PAT for HTTPS push via GIT_ASKPASS. None uses SSH or pre-configured credentials.

None
username str

Username used with token auth. Defaults to "x-access-token" (GitHub-compatible).

'x-access-token'
repo_url str | None

Remote URL expected in managed mode.

None
managed bool

When True, ensure the repo exists under repo_path: clone into an empty directory or validate origin on existing repos.

False
enable_pull bool

Enable fetch + ff-only sync methods.

True
enable_push bool

Enable deferred push behavior.

True
push_delay_s float

Seconds of idle before pushing. 0 disables the timer (push only on :meth:close).

30.0
commit_name str | None

Git committer name; defaults to :attr:DEFAULT_COMMIT_NAME.

None
commit_email str | None

Git committer email; defaults to :attr:DEFAULT_COMMIT_EMAIL.

None
git_lfs bool

When True (default), run git lfs pull during lazy initialisation so LFS pointers are resolved before the first write is committed.

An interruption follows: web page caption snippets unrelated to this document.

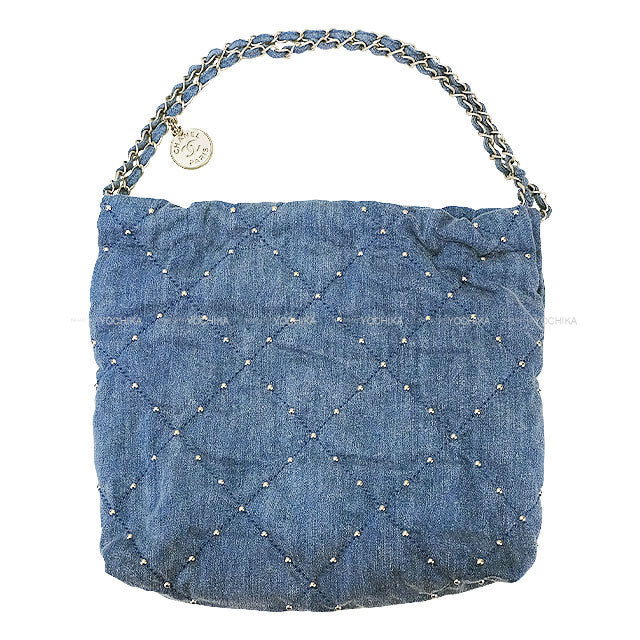 CHANEL Handbag Chanel 22 Matelasse Hobo Medal Charm Blue Denim/Studs Silver HW AS3260[EXCELLENT][Authentic]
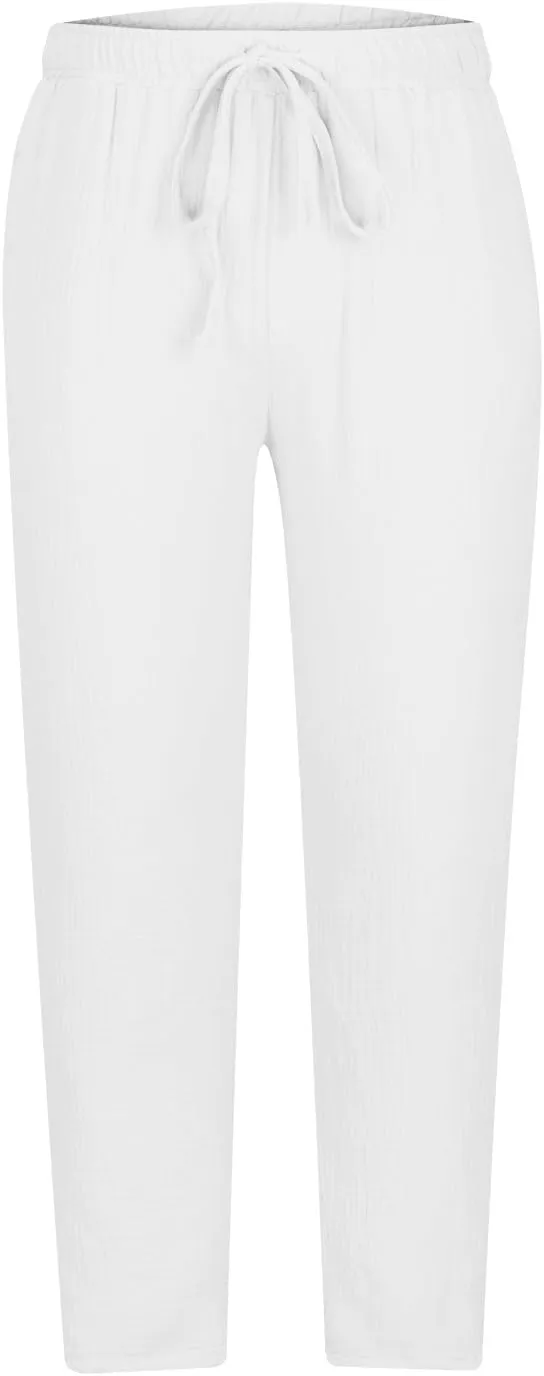 Side Zipper Pants for Men Cotton Linen Drawstring Pants Lightweight Elastic Waist Loose Lounge Pants Casual Trousers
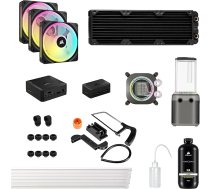 CORSAIR Hydro X sērijas iCUE LINK XH405i pielāgotais dzesēšanas komplekts - Hardline ūdens dzesēšanas shēma - XC7 ELITE CPU ūdens dzesētājs - XD5 ELITE D5 sūknis - 3x QX120 RGB ventilatori - tērauda pelēks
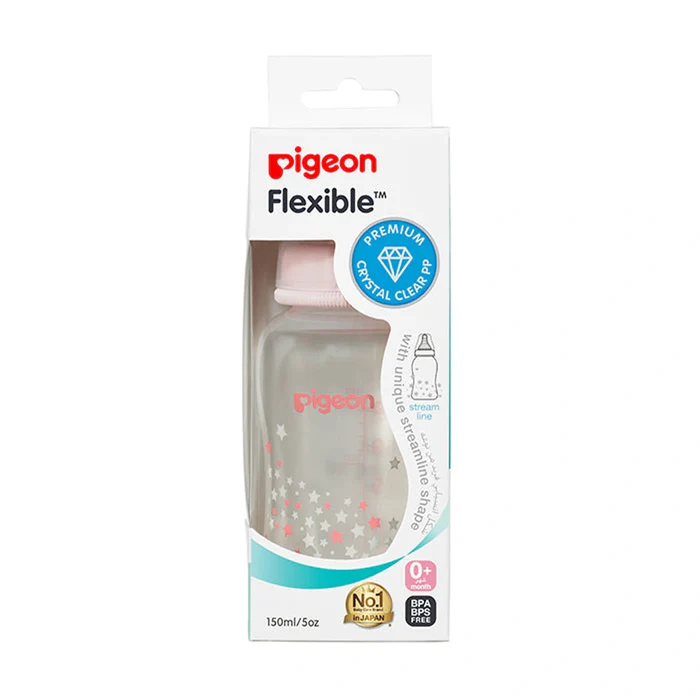 Pigeon Streamline Bottle 150 Ml Assorted Blue or Pink Star Pigeon Yallatoys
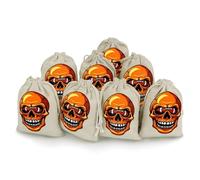 Sport Rugby Footballer Skull Football Printed Cotton And Hemp Bunches Pocket Drawstring Pouch 8 Pieces Reusable Gift Bags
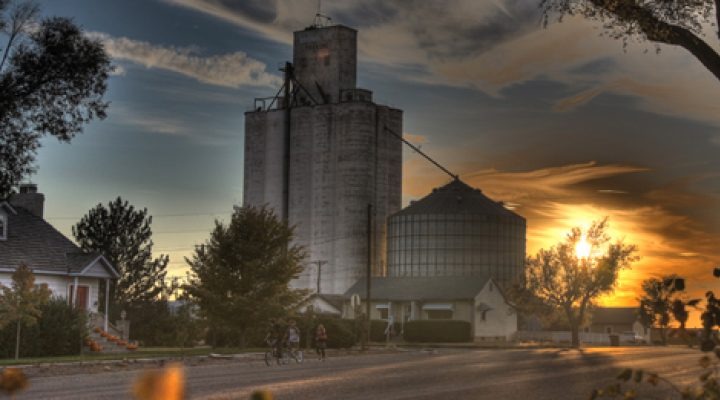 Grain elevators at sunset in Tribune, Kansas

Requires git-lfs to be on PATH; failures are logged at ERROR and never propagated.

True
repo_path Path | None

Optional repository path used for startup validation. When set together with token, startup raises :class:~markdown_vault_mcp.exceptions.ConfigurationError if origin uses SSH transport instead of HTTPS.

None

Example::

strategy = GitWriteStrategy(token="ghp_...", push_delay_s=30)
collection = Collection(on_write=strategy, ...)
# ... writes happen, push deferred ...
strategy.close()  # final flush
Source code in src/markdown_vault_mcp/git.py
def __init__(
    self,
    token: str | None = None,
    username: str = "x-access-token",
    repo_url: str | None = None,
    managed: bool = False,
    enable_pull: bool = True,
    enable_push: bool = True,
    push_delay_s: float = 30.0,
    commit_name: str | None = None,
    commit_email: str | None = None,
    git_lfs: bool = True,
    repo_path: Path | None = None,
) -> None:
    # Token is retained for GIT_ASKPASS credential forwarding in subprocesses.
    # This pattern is intentionally accepted and suppressed in CodeQL config.
    self._token = token
    self._username = username
    self._repo_url = repo_url
    self._managed = managed
    self._enable_pull = enable_pull
    self._enable_push = enable_push
    self._push_delay_s = push_delay_s
    self._commit_name = commit_name or self.DEFAULT_COMMIT_NAME
    self._commit_email = commit_email or self.DEFAULT_COMMIT_EMAIL
    self._git_lfs = git_lfs
    self._git_root: Path | None = None
    self._git_root_checked = False
    self._write_init_done = False
    self._push_pending = False
    self._timer: threading.Timer | None = None
    self._lock = threading.Lock()
    self._closed = False
    self._pull_stop = threading.Event()
    self._pull_thread: threading.Thread | None = None
    self._pull_interval_s: int = 0
    self._pull_repo_path: Path | None = None
    self._pause_writes: (
        Callable[[], contextlib.AbstractContextManager[None]] | None
    ) = None
    self._on_pull: Callable[[], None] | None = None
    if repo_path is not None:
        if self._managed:
            self._ensure_managed_repo(repo_path)
        else:
            self.validate_startup(repo_path)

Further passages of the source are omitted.